Ethiopia has declared three days of national mourning, starting Saturday, after the Kencho Shacha Gozdi disaster, where a landslide following heavy rains killed at least 257 people in a remote area in the south of the country.
On the ground, as help begins to arrive, searches continue to try to find the bodies swallowed up by torrents of red clay last Monday, while distraught survivors bury their loved ones killed in the disaster.
A worsening toll
It is the deadliest landslide ever recorded in this country in the Horn of Africa, with a death toll that rose to at least 257 on Thursday, according to the UN humanitarian agency (OCHA), citing local authorities, but likely to climb to 500 deaths, according to the same source.
“The House of People’s Representatives has announced a three-day national mourning for those who lost their lives in the landslide,” the Ethiopian parliament announced.
This will “comfort the relatives and all the people of our country,” he added in a statement broadcast by Ethiopian radio and television.
On the ground, humanitarian aid and reconstruction assistance “are well underway”, said the Ethiopian organisation responsible for protection, a structure for coordinating relief has been set up, and 6,000 people are to be rehoused.

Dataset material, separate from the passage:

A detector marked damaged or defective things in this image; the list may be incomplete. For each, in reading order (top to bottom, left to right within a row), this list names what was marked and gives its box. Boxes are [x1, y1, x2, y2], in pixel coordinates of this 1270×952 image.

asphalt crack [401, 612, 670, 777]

Help coming for evacuation
According to OCHA, more than 15,000 people have to be evacuated due to the risk of further landslides, including young children and thousands of pregnant women and new mothers. Aid has started arriving, the agency said, including four trucks from the Ethiopian Red Cross.

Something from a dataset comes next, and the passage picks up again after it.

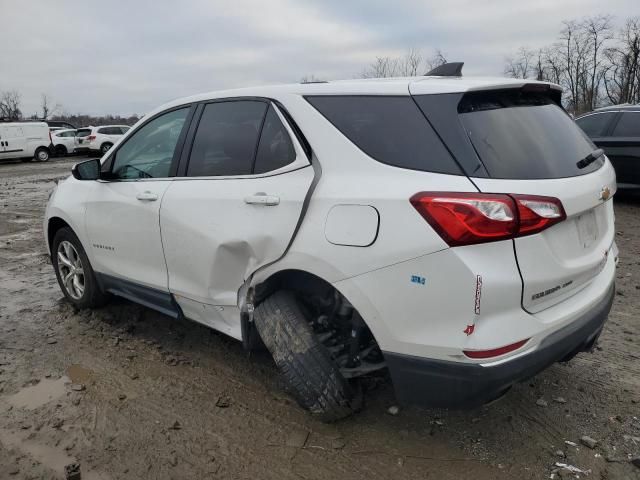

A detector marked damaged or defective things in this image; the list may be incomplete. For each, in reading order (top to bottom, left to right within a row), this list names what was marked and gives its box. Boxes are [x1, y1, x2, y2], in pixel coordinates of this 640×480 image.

detached rear wheel [52, 228, 109, 308]
detached rear wheel [251, 290, 360, 422]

Most of the victims were buried when they rushed to rescue and help after a first landslide, following heavy rains that fell on Sunday in the region, located about 480 kilometers (300 miles) from the capital, Addis Ababa.
Messages of condolence have poured in, including from the African Union, UN Secretary-General António Guterres and World Health Organization chief Tedros Adhanom Ghebreyesus, himself Ethiopian.
Ethiopia is Africa’s second most populous country and is often hit by climate-related disasters.
More than 21 million people, or about 18% of the population, are normally dependent on humanitarian aid due to conflict, floods or droughts.